PDA

View Full Version : Indexed Database Table in Excel for Lookup



abraxus
09-17-2013, 08:39 PM
bare with me here....

i am using excel 2012, and i have one worksheet that has 4000 records to process, and for each of those 4000 records, i have to look up a value from another worksheet that has over 600,000 rows just to get a value, and for each row in the first, i have to do this about 10 times (dont ask, it's for corporate data processing)

currently they are using formulas and VLOOKUP (5 times for each row in the first) - and the process takes about 40 minutes to process - i converted it to an in memory array in VBA thinking that would speed things up, but it didnt speed it up all that much

i am doing this in VBA, and i am trying to come up with something that speed up the process considerably, and i am thinking that if i could dynamically create an indexed database table (like using access object library?) and then using some select statements or table searches based on the index within the loop instead of in memory arrays to see if might be faster

got everything i try to look up assumes that i'm trying to connect excel to an existing database... that's not what i want to do - i just want to create an "in memory" temporary look up table that has an index which i can use to get the associated value i need from the 600,000 record table quicker than scanning manually thru the in memory array

am i just dreaming that this might be possible? or is the size of these two worksheet, simply too large to process any faster?

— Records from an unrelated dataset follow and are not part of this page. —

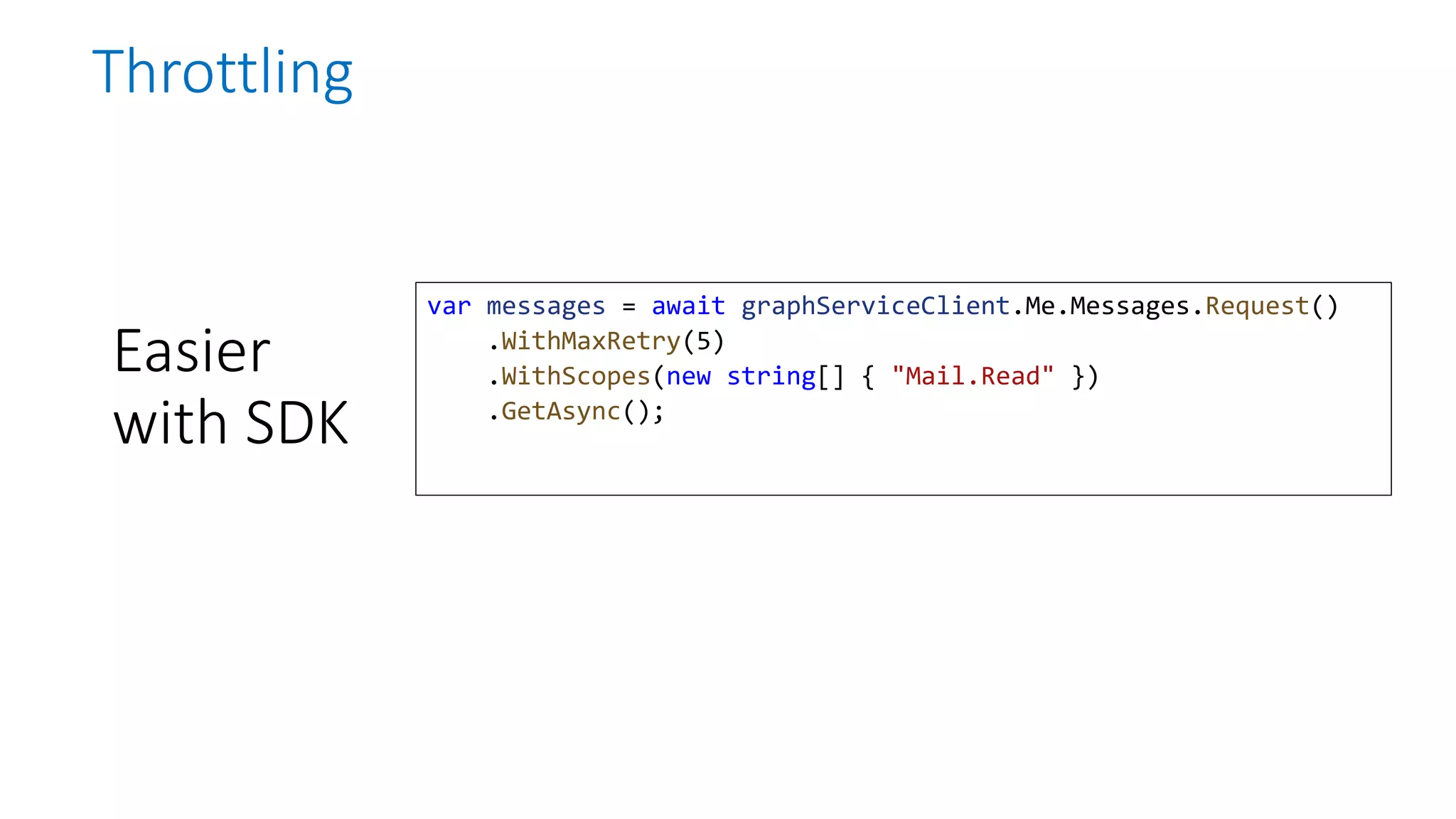 Easier
with SDK
var messages = await graphServiceClient.Me.Messages.Request()
.WithMaxRetry(5)
.WithScopes(new string[] { "Mail.Read" })
.GetAsync();
Throttling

i know how to write vba code pretty well, and i'm familiar with database schemas and stuff, and if i was within access or connected to an existing database, this would be simple - i just want to to use vba excel to create an indexed temporary table, thinking that it might be faster to process within the 4000 record loop

just some sample code would be great is any of you have any ideas

google doesnt help at all

abraxus
09-17-2013, 09:17 PM
the reason time is so important is because this 40 minute process has to be repeated hundreds of times every month, and i cannot talk them into the logical decision of just using SQL to do it, because the king pins at corporate dont know how to program in SQL

snb
09-18-2013, 04:58 AM
You can use a dictionary.

Kenneth Hobs
09-18-2013, 07:47 AM
As a decision maker, I would have used a database rather than Excel if I had over 100,000 records.

Arrays should be much faster. I suspect that it slows down due to how you write data back. If you don't need dynamic data, write the value back, not a worksheet formula. For my speed routines, see: http://vbaexpress.com/kb/getarticle.php?kb_id=1035

If arrays are used, the index of the array can be used.

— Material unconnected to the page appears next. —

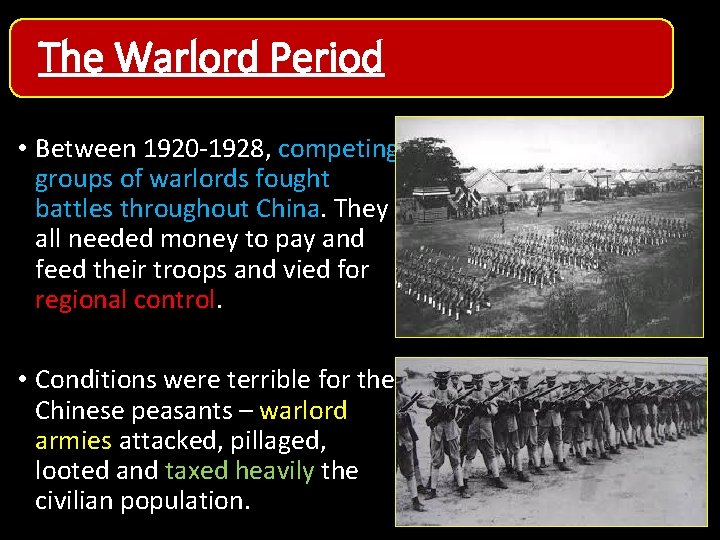The Warlord Period • Between 1920 -1928, competing groups of warlords fought battles throughout The Warlord Period • Between 1920 -1928, competing groups of warlords fought battles throughout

Dictionary methods can work well as snb said. e.g.

Sub Demo()
'Early Binding method requires Reference: MicroSoft Scripting Runtime, scrrun.dll
Dim A() As Variant
Dim i As Long
Dim pos As Long
Dim s As String
'Dim dic As Object 'Late Binding method
'Dim dic As Dictionary 'Early Binding method
If dic Is Nothing Then Set dic = New Dictionary 'Early Binding Method
'Set dic = CreateObject("Scripting.Dictionary") 'Late Binding method

dic.CompareMode = BinaryCompare
For i = 1 To 12
dic.Add "Key" & i, "Item" & i
Next i

A() = dic.Keys
MsgBox Join(A(), vbLf)
End Sub

You might try VBA's Range Find method rather than a Workbook vLookup function.

If you like SQL methods, ADO might be of use. It tends to have overhead and be slow but with that much data, it might be worth the cost.

' Tools > References > Microsoft ActiveX Data Objects 2.x, or 2.8, or 6.0 Library
Sub GetData()
' Sample demonstrating how to return a recordset from a workbook
Dim cn As ADODB.Connection, strQuery As String, rst As ADODB.RecordSet, strConn As String
Dim varData As Variant
Dim wbName As String
Set cn = New ADODB.Connection
' strConn = "Provider=Microsoft.Jet.OLEDB.4.0;Data Source=" & ActiveWorkbook.FullName & ";" & _
' "Extended Properties=""Excel 8.0;HDR=Yes;"""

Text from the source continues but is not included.